Нынче на фронтах – затишье. Третий месяц, как война затаилась. Нет-нет да и почудится, будто она и вовсе прекратилась. Передышка, которая сначала воспринималась с облегчением, как воспринимается ночлег уставшим путником, теперь порождала в людях всё больше напряжения и тревоги. Уж дороги подсохли, осталась позади невылазная весенняя распутица. Отчего же не возобновляются активные боевые действия? Отчего мы не продолжаем наступления, начатого зимой, не развиваем успех? Когда прорвёт плотину и хлынет? И не следует ли ждать от грядущего лета новой катастрофы, как та, что разразилась летом сорок второго?

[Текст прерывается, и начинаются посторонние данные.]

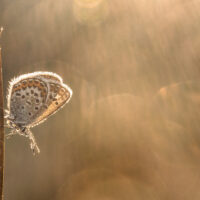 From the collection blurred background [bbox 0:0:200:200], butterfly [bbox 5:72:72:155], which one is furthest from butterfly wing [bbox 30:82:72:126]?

Хотя Бродов был из тех немногих, кто знали, как идёт в целом подготовка к новым, решительным сражениям, однако конкретных планов высшего командования знать ему не полагалось. Потому его время от времени захватывало общее чувство томительной тревоги и тягостного замешательства, когда уже не знаешь, ждёшь ты грядущей перемены ситуации с нетерпением или с неохотой.
Николай Иванович удобно облокотился о ствол высокого вяза, оказавшись в его кружевной тени.
Невозможно было поверить, что позади, ближе к Москве, остался страшный грозовой фронт, над которым, вокруг которого, внутри которого летел ещё сегодня утром. Самолёт лавировал среди грозовых туч, его мотало, как щепку. После такой свистопляски в нём что-то отказало, запрашивали аварийную посадку, её поблизости не давали по погодным условиям, машина натужно тянула дальше, корёжась и сотрясаясь в конвульсиях. В итоге дотянули до Куйбышева и сели, задорно проскакав по земле, подобно козе, и наконец подломив шасси.
Точнее, невозможно было бы поверить, если бы не чувствовал себя после этого перелёта так, будто корова пожевала, если бы что-то там не щёлкало в спине после жёсткого приземления. Николай Иванович с трудом заставил себя выйти из гостиничного номера и отправиться на набережную, зная, что от этого обязательно станет лучше.
И правда, стало лучше. Только отчего-то волжский берег дразнил его необъяснимым сходством с черноморским.
В последнее время ему всё чаще вспоминались черноморские курорты. Всё подряд. И успокоительная тишина процедурных кабинетов. И вкусное диетическое питание в санаторных столовых, обильное, будто на откорм. И яркие, необычные силуэты растений, их пышные формы. И ласковый, ароматный, тенистый шелест цветущих парков, их ухоженная, продуманная красота.
Памятен ему был главным образом Крым, куда врачи упорно слали его в санатории то весной, то на бархатный сезон – лишь бы не в жару. Утверждали, что именно крымский климат для него целебен. Бродов посмеивался: неужели эскулапы санаторно-курортного ведомства рассчитывают, что разболтанный сердечный клапан у него вдруг подтянется или старые рубцы на лёгких рассосутся? Но ездил с удовольствием; лишь дважды или трижды изменил крымскому побережью с кавказскими пляжами.